In order to do mathematical modeling, we need to learn a serious programming language, and we will use Mathematica for this purpose. Mathematica is a program that you interact with using the “Wolfram Language.” We will learn the language by studying much, if not all, of EIWL3. The printed edition is over 300 pages divided into 48 sections. If we do 2-3 sections a class we can do most of the material up to Section 40 during Term 4, at which point you will be in an extremely good position to apply Mathematica to any problem that interests you. In parallel with learning the language we will be learning oscillatory motion and then waves. That is the second course within the course, and where things get most interesting.

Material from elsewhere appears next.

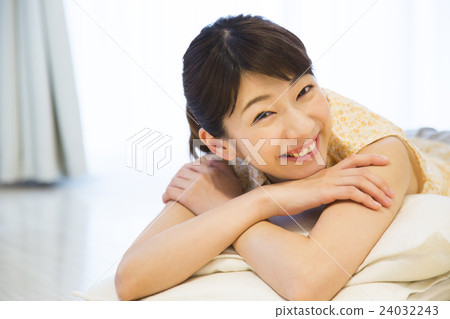 生活方式肖像小姐 生活方式肖像小姐 24032243
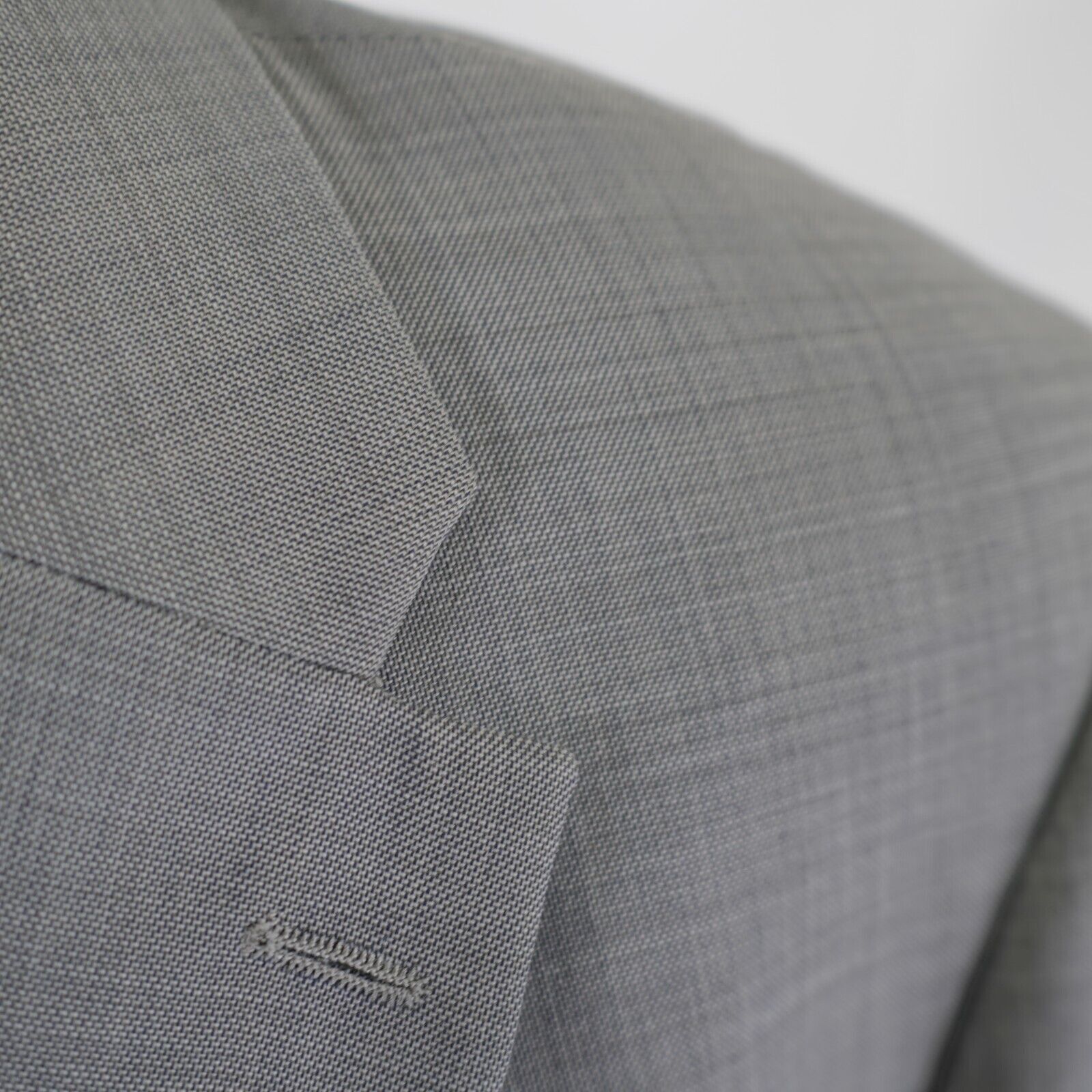 Tommy Hilfiger DAMAGED Tommy Hilfiger Wool Gray Sharkskin 42R 2 Button Blaz Size 42R - 3 Thumbnail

What we will do with Mathematica in this course is fundamental physics that all theoretical physicists know very well: oscillatory motion and waves. After we deal with constant motion and constant acceleration, we will animate simple oscillation of a single particle. The classic physical system that exhibits simple oscillation is a mass hanging from a spring. There is a significant increase in complexity when you graduate from an idealized spring obeying Hooke’s Law to putting the mass on the end of a pendulum rod: the simple system becomes non-linear.

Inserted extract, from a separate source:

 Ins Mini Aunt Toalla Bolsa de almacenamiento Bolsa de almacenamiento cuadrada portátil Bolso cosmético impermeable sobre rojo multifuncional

The next level of complexity is to step it up to two particles. If the two particles are connected, even weakly connected, this leads to surprising behavior (resonant exchange of energy) that was not present for either particle separately. The most common example is known as the coupled pendulum. Since Kel asked about chaos (not something I have much familiarity with), I will see if we can code up some chaotic motion using the compound pendulum (and note that the compound pendulum is not the same as the coupled pendulum).
Yet another level of complexity is to step it up to from two to N particles. After we get quite familiar with the behavior of N particles, where N is a modest number like 10 or 32, we will take the limit that N goes to infinity! Waves appear! They appear completely naturally from laws governing a finite but ever larger number of ever more closely spaced and ever smaller particles.
Waves first show up in a single dimension, such as waves on a musical instrument string, where each element of the string has a position, but the string itself is treated as a one-dimensional object (specified by a mass per unit length and a tension), that can vibrate in the two directions perpendicular to its length. Then we can step up the complexity yet again and consider waves in two dimensions, such as waves on square and round drumheads.
Finally the highest level of complexity we can hope to get to in a one-semester course, starting with no significant prerequisites, is a taste of what quantum-mechanical waves look like in three dimensions. The study of three-dimensional electron waves around an atomic nucleus requires some decently advanced manipulation of differential equations, but by the end of our course, perhaps you will start having sufficient intuition about such equations and their solutions that we can make some headway. Even if we only get to round drumheads — or even just to square drumheads which are a little simpler than round ones — your intuition for the solutions of partial differential equations will be getting strong.
There will be problem sets due at least every week, and sometimes every class, limited only by how quickly I can assign them, write solutions, and grade. The more problems you do the better. In addition to the problem sets and their solutions, there will be handouts, exams, and exam solutions to file. Locate a three-ring binder and a three-ring hole punch, and file everything chronologically. Actually, reverse-chronological is the most convenient, because you then naturally open your binder to what you are currently working on.
Problem sets will generally be turned in by email using Mathematica notebooks. The last step in your process before you submit a notebook as your solution is to quit the Mathematica kernel, and then re-execute your entire notebook with a fresh kernel. Assuming your notebook executes reproducibly and without error with a fresh kernel, you have something you can turn in. If it doesn’t execute reproducibly and without error, find and fix the problems, and repeat this process until it does.
The College’s policies on absences (and late work) are applicable. Refer to the Academic Year 2024-2025 Deep Springs Handbook.